## Brief
Each line below from the one containing "Na predaj pozemok, 959 m², Madunice" through the one containing "Camillo Virgil online show from 2, 12, 2025" should be output exactly as it stands, and no other line should appear.

## The records
"""
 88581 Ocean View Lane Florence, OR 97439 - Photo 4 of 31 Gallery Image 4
"""
"""
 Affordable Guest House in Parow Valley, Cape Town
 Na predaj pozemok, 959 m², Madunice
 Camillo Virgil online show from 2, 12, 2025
"""
"""
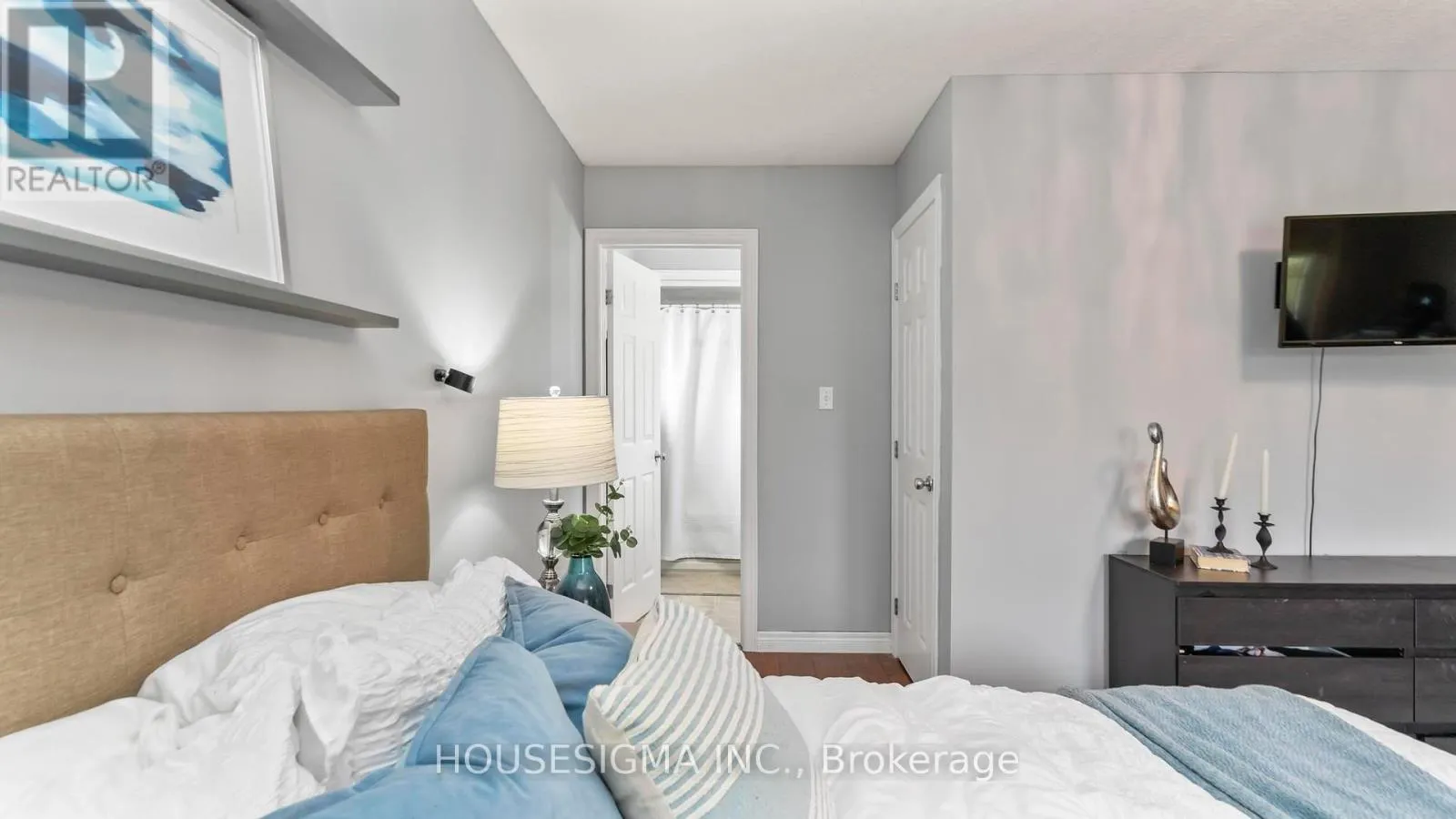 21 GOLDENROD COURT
"""
## Response area
 Na predaj pozemok, 959 m², Madunice
 Camillo Virgil online show from 2, 12, 2025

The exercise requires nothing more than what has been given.